Bunun da etkisiyle CHP seçmeni Taksim’de dün gövde gösterisi yaptı;
demokrasiye olan inancını, duruşunu ortaya koydu.
Herhangi bir aksiliğe meydan vermeden, sadece bayrağını sallayıp
darbe karşıtı sloganını atarak aynı tavrı gösteren öteki
siyasilerle de kol kola olduğunu gösterdi.

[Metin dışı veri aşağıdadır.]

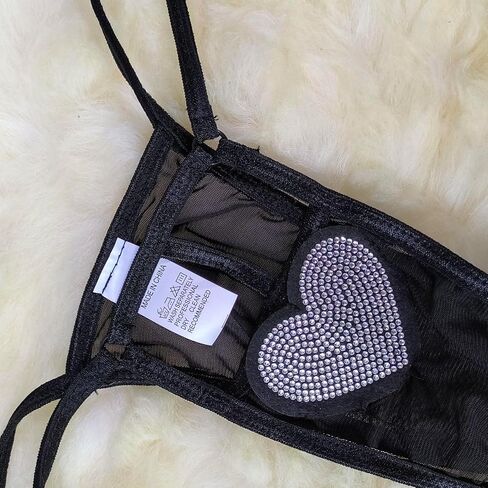 JasmyGirls Sexy Two Piece Bra and Panty Sets for Women Rhinestone Heart Lingerie Self Tie in Saudi Arabia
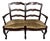 Vintage Indonesian Double Rush Seat Bench in French Country Style For Sale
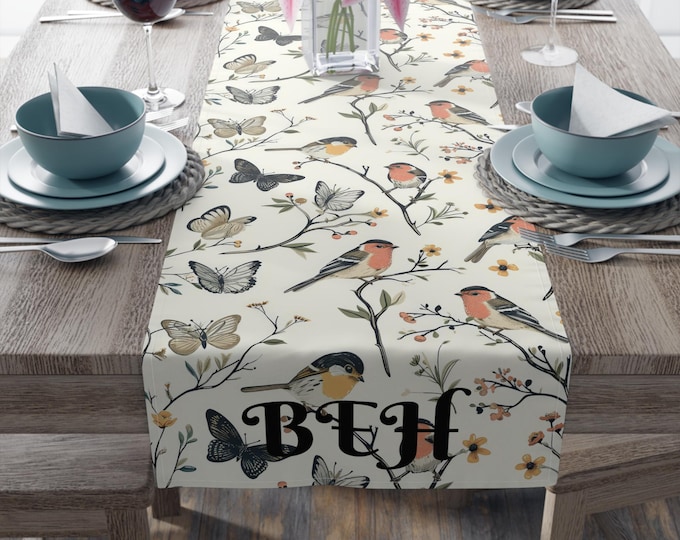Personalized Vintage Birds & Butterflies Table Runner | Custom Monogrammed Farmhouse Decor | Dining Table Accent for Holidays and Gatherings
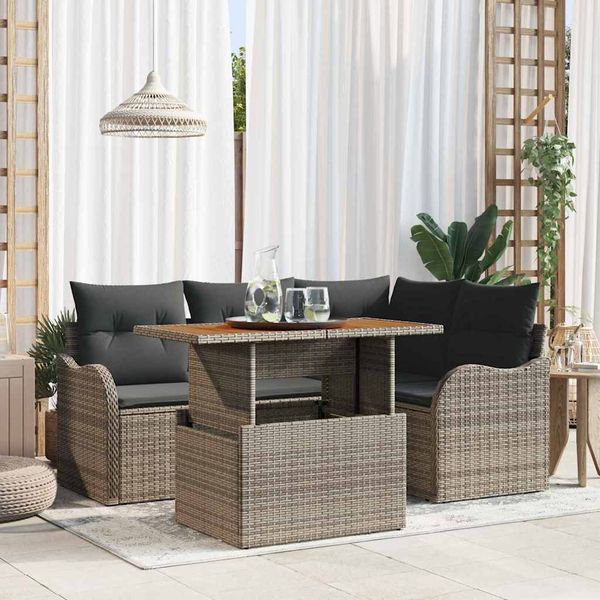 vidaXL Súprava záhradných pohoviek s úložiskom 5 pcs Sivá Poly ratan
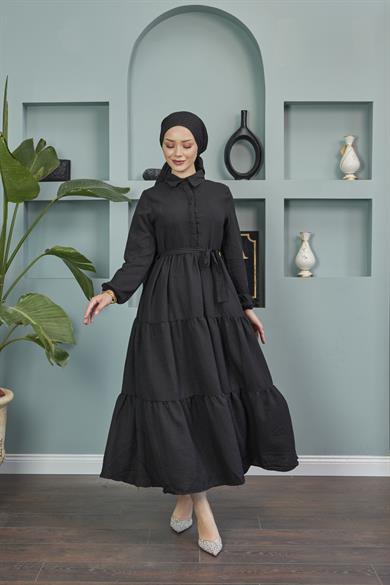 Shirt Collar Airobin Dress - Black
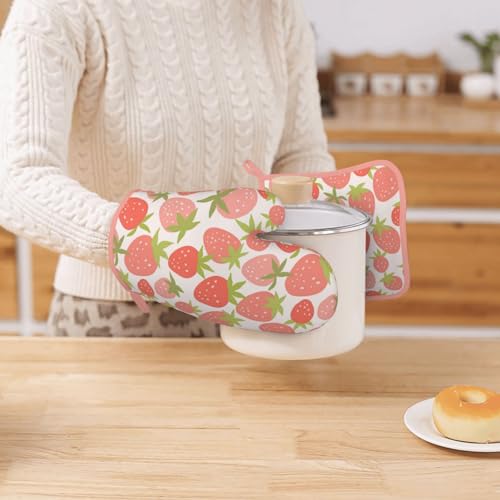Strawberry Silicone Oven Mitts Pan Mats Set of 2 (Strawberry)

Ancak CHP yönetiminin ele geçirdiği bu fırsatı seçmeni gibi
kullandığını söyleyemeyeceğim.
Önce CHP Lideri Kılıçdaroğlu’nun 10 maddelik “Taksim
Manifestosu”na bakalım...
Bütünlük içinde darbelere karşı duruşunu sergiliyor; parlamenter
demokratik sistem ve güçler ayrılığının önemine vurgu
yapılıyor.
Ancak ne manifestoda ne de konuşmada darbe girişiminin kimin
tarafından yapıldığına ve bunu yapanların kınandığına ilişkin tek
satır geçmiyor.
Fethullah Gülen örgütlenmesinin emirkomuta olmadan Silahlı
Kuvvetler’in içinde örgütlenip darbe girişimi yaptığına ilişkin tek
kelime geçmiyor.
FETÖ’ye ilişkin bir satır bile kınama yer almıyor.
EN BÜYÜK MAĞDURU
Oysa CHP yönetiminde veya milletvekillerinin arasında yer alanların
ağırlıklı bölümü, bu darbe girişimini yapan FETÖ’nün ağır hışmına
uğramış mağdur isimler.
Günlerdir televizyonlarda, salon konuşmalarında darbe girişimi
nedeniyle gözaltına alınan veya tutuklananların geçmişte
kendilerine nasıl eziyet çektirdikleri açıkça
anlatılıyor.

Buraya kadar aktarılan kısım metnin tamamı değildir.